Problem description: Please give back, word for word, each line from the start of the entries through the one in which "Ruby Raang Studio" is found.

[Data items]

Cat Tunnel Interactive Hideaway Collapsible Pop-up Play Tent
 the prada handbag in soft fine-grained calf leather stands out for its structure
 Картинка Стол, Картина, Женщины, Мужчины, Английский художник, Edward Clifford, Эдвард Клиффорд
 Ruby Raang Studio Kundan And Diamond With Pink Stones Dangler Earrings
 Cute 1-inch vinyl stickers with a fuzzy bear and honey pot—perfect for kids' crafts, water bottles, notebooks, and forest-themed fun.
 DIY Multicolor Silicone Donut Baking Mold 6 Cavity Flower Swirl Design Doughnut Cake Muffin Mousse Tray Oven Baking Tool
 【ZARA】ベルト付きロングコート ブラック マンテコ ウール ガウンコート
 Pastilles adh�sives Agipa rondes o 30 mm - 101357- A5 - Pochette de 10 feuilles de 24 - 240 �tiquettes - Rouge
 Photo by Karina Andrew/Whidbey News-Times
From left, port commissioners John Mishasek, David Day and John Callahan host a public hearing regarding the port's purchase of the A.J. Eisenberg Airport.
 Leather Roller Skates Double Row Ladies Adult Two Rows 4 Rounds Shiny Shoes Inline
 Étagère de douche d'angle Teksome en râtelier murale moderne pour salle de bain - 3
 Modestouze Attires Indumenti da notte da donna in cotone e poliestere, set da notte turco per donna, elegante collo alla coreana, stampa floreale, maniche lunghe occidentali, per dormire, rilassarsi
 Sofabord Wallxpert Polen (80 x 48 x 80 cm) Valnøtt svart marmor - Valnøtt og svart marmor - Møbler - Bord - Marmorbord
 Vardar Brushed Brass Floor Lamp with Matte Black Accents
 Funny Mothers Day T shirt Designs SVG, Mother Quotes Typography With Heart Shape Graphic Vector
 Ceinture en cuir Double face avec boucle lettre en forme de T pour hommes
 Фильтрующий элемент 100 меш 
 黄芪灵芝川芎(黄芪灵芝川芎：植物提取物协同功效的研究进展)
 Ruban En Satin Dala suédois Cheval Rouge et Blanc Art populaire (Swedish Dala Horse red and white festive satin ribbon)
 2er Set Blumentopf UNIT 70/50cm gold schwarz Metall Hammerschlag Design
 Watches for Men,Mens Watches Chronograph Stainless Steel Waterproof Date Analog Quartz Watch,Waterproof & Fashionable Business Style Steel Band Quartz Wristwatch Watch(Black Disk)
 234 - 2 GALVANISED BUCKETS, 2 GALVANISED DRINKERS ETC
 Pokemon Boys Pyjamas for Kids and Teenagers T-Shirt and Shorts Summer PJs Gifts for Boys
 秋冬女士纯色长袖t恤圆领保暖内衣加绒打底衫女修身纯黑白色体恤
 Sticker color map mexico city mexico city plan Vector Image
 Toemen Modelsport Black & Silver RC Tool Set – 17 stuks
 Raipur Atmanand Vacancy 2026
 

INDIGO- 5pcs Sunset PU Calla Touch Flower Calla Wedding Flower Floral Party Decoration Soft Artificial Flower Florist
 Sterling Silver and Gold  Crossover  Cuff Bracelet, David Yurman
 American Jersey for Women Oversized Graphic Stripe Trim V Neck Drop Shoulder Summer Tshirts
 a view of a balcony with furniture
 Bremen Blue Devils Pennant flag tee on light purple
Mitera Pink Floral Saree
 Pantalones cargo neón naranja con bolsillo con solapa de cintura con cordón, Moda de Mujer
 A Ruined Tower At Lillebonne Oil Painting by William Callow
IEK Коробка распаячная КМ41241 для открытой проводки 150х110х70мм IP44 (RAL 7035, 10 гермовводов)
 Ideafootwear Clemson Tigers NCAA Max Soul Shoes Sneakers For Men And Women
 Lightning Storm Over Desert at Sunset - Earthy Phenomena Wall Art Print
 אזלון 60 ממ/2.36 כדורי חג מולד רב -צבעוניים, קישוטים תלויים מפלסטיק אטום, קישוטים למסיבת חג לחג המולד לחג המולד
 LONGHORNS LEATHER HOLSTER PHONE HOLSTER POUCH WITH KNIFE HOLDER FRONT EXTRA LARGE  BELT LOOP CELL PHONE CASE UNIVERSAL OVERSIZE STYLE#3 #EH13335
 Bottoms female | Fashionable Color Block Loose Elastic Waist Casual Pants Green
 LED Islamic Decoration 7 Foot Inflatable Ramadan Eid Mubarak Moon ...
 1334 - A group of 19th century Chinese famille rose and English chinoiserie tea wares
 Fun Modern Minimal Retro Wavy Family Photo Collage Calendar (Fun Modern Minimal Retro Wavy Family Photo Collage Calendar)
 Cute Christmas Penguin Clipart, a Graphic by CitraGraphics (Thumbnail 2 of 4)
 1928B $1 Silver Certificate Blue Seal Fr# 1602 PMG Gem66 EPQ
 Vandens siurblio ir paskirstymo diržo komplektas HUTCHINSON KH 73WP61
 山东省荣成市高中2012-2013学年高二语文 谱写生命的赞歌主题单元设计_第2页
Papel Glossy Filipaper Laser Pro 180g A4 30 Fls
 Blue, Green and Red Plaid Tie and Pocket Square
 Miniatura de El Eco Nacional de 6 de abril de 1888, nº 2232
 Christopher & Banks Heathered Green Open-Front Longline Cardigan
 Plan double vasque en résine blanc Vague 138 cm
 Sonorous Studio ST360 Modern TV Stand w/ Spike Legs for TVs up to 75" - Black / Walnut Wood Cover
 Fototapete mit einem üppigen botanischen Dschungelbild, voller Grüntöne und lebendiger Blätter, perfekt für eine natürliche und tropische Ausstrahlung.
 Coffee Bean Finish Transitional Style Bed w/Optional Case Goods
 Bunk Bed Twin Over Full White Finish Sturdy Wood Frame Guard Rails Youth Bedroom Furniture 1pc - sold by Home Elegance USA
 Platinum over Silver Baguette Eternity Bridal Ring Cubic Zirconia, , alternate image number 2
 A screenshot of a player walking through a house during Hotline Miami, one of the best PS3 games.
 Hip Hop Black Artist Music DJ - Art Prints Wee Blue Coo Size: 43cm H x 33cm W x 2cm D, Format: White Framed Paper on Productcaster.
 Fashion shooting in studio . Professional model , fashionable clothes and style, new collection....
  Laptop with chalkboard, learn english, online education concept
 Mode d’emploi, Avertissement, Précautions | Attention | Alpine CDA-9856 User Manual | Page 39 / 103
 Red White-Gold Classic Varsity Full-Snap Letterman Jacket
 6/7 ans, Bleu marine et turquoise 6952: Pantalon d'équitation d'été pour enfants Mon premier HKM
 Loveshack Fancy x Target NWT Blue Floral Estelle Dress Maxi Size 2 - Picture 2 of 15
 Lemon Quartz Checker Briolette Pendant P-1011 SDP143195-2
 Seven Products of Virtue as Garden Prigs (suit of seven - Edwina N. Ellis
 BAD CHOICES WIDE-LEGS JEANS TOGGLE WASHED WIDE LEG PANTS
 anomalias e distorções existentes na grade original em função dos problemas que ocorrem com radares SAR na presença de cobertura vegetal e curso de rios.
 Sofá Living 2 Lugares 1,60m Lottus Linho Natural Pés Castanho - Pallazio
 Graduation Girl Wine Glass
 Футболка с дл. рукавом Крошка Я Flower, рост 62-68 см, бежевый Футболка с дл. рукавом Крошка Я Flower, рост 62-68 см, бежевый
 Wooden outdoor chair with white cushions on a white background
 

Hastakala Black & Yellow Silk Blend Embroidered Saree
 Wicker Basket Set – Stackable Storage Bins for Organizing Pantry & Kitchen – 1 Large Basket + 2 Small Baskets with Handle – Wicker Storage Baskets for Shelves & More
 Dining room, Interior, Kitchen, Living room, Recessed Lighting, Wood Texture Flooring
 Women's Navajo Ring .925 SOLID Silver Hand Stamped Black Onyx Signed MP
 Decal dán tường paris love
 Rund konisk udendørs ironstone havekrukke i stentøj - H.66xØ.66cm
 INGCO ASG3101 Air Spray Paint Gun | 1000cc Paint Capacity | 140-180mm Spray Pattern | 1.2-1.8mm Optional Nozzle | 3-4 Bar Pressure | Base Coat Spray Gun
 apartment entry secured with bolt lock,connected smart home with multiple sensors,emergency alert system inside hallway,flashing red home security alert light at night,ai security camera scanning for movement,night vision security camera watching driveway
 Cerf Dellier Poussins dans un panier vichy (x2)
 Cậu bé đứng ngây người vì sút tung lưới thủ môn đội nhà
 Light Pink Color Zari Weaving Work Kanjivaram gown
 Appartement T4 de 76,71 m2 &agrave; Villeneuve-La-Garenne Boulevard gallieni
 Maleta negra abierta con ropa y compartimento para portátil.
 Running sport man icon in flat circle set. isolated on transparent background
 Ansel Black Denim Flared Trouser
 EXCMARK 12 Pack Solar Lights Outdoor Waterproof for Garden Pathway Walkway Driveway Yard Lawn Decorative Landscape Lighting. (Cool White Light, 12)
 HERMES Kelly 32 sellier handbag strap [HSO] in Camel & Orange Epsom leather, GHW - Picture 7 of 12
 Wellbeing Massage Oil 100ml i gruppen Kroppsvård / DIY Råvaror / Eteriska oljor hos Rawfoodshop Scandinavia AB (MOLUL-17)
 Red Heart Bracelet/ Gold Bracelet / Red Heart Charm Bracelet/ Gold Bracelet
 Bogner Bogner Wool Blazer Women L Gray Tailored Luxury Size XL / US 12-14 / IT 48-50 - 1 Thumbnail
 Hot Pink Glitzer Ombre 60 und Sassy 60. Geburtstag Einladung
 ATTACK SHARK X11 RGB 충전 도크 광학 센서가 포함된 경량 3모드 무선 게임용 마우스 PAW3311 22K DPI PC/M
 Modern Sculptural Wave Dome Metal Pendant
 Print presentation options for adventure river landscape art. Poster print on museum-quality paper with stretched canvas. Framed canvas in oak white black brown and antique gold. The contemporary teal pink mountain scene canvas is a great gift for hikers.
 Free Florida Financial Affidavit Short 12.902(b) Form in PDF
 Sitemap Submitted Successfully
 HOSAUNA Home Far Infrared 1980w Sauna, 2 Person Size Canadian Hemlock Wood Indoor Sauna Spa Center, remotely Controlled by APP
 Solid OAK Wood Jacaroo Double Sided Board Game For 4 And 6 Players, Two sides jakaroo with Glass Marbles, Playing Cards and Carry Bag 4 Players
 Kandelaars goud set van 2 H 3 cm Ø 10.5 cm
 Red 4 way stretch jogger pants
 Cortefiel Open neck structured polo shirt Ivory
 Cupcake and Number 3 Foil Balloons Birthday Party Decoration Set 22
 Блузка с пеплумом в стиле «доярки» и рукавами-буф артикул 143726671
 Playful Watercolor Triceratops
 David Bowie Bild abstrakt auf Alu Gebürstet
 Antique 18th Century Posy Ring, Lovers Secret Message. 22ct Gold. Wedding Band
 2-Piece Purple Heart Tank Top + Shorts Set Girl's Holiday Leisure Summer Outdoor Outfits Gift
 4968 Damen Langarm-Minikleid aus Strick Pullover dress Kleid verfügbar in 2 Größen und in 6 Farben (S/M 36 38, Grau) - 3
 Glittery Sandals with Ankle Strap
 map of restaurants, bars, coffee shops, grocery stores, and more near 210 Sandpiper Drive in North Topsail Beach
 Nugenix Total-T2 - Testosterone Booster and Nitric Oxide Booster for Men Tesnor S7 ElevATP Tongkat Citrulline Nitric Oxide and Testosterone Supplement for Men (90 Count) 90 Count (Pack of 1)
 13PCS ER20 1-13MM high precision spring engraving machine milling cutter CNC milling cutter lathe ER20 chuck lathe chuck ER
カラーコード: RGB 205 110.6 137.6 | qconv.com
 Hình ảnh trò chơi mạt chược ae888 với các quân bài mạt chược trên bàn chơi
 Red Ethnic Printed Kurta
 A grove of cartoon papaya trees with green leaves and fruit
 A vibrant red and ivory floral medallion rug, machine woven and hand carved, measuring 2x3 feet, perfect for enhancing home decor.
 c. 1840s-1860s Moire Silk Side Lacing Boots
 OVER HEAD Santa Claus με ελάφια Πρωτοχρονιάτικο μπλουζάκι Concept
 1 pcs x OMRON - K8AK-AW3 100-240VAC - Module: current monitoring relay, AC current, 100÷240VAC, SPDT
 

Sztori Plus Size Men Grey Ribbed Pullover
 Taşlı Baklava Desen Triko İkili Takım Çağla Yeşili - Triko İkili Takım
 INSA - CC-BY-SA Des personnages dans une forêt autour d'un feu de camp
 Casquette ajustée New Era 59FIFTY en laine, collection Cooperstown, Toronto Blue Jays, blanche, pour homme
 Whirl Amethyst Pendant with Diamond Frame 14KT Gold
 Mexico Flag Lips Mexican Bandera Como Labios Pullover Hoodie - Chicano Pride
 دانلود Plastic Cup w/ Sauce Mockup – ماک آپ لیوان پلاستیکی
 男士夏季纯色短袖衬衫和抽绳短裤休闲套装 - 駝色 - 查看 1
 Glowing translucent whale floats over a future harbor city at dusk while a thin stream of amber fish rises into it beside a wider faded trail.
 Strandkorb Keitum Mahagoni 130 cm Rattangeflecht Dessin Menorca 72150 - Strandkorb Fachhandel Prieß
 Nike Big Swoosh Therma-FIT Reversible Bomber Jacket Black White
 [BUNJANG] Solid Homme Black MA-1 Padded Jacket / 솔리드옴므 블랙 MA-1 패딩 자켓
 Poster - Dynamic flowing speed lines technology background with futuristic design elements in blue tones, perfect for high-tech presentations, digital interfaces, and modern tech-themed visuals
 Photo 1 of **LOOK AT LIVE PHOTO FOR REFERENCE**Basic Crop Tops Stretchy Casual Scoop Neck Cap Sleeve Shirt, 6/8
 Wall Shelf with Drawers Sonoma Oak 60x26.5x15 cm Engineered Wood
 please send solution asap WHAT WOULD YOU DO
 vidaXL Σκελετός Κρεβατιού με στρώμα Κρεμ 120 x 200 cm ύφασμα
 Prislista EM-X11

Result of the task:
Cat Tunnel Interactive Hideaway Collapsible Pop-up Play Tent
 the prada handbag in soft fine-grained calf leather stands out for its structure
 Картинка Стол, Картина, Женщины, Мужчины, Английский художник, Edward Clifford, Эдвард Клиффорд
 Ruby Raang Studio Kundan And Diamond With Pink Stones Dangler Earrings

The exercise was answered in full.